*EXERCISE DETAILS*:
What is needed is an exact copy of every line from the one containing "хлопок с принтом" through the end of the entries; please set it down without any pictures.

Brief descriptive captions
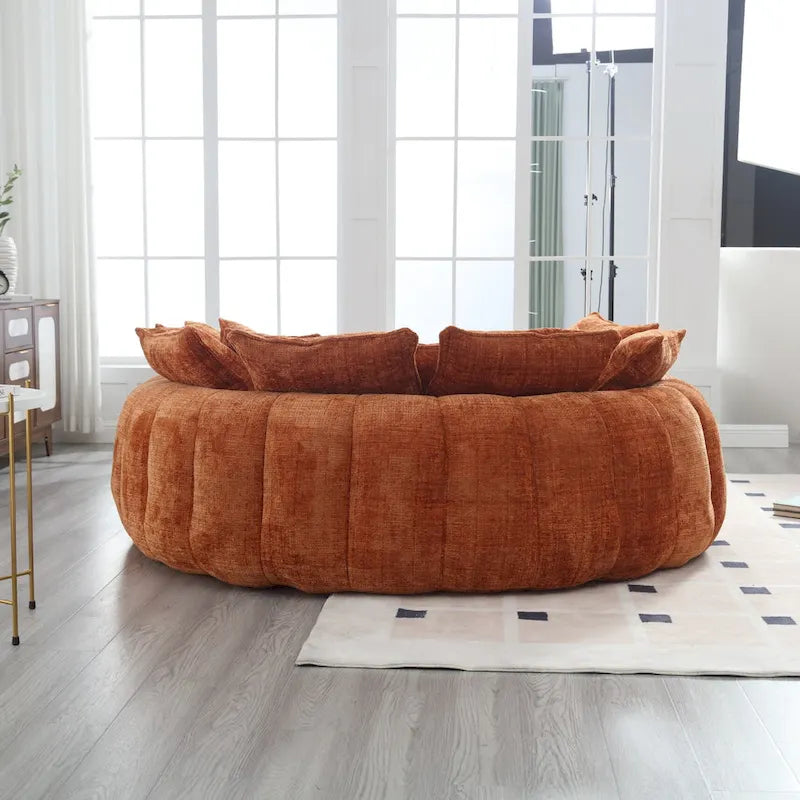 Oversized Round Chenille Sofa Bed with Armrests and Throw Pillows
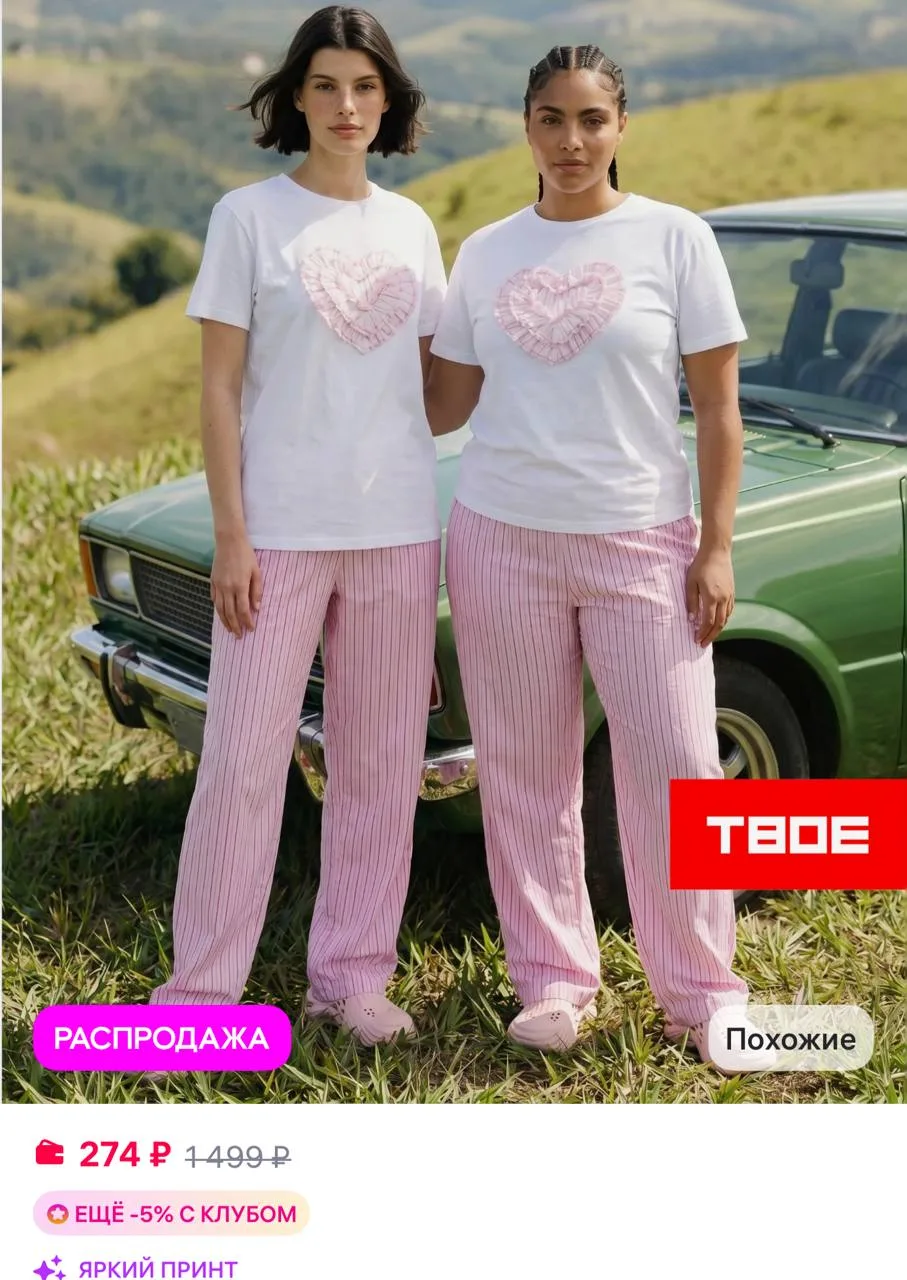 🟪ТВОЕ Футболка хлопок с принтом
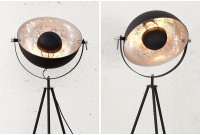 Lampadaire moderne en acier inoxydable et en aluminium coloris noir et argenté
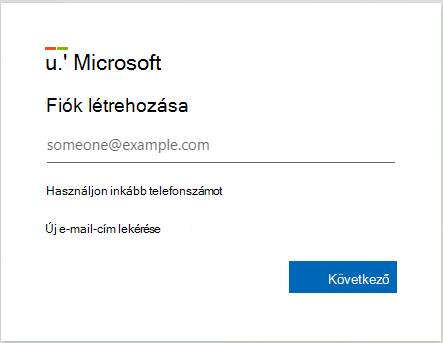 Képernyőkép az Microsoft Intune próbaverziós fiók regisztrációjának weblapjáról.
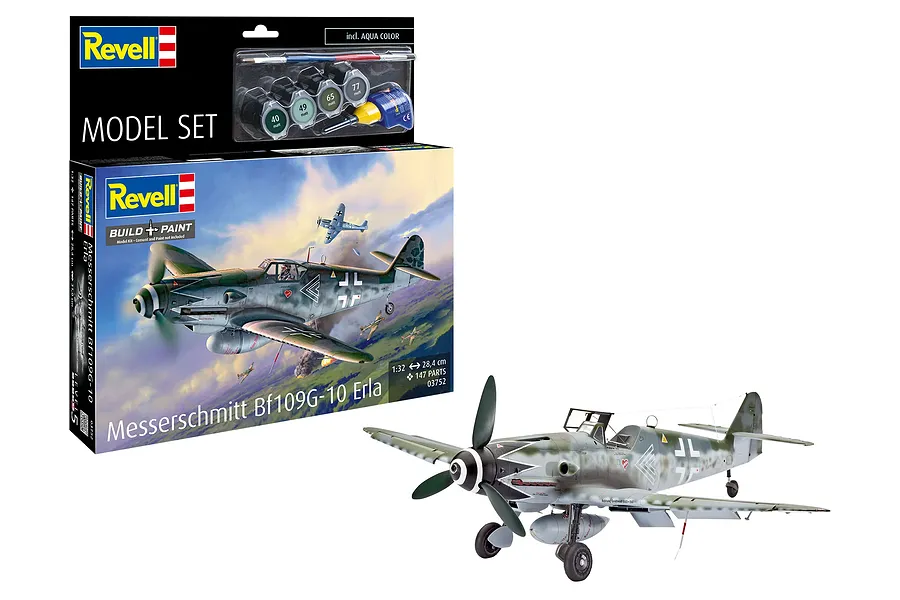 Revell 1/32 scale Messerschmitt Bf 109G-10 Erla model kit box and a fully assembled, painted model aircraft on a white background.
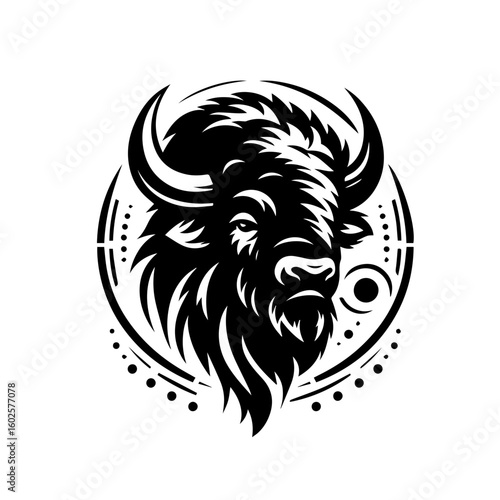 Stylized black and white illustration of a bison head within a circular geometric design
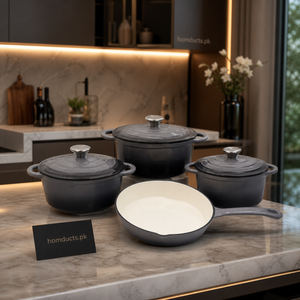 Luxury Enamel Cast Iron Cookware Set – Premium Kitchen Cooking Pots & Pan Collection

*REPLY*:
 🟪ТВОЕ Футболка хлопок с принтом
 Lampadaire moderne en acier inoxydable et en aluminium coloris noir et argenté
 Képernyőkép az Microsoft Intune próbaverziós fiók regisztrációjának weblapjáról.
 Revell 1/32 scale Messerschmitt Bf 109G-10 Erla model kit box and a fully assembled, painted model aircraft on a white background.
 Stylized black and white illustration of a bison head within a circular geometric design
 Luxury Enamel Cast Iron Cookware Set – Premium Kitchen Cooking Pots & Pan Collection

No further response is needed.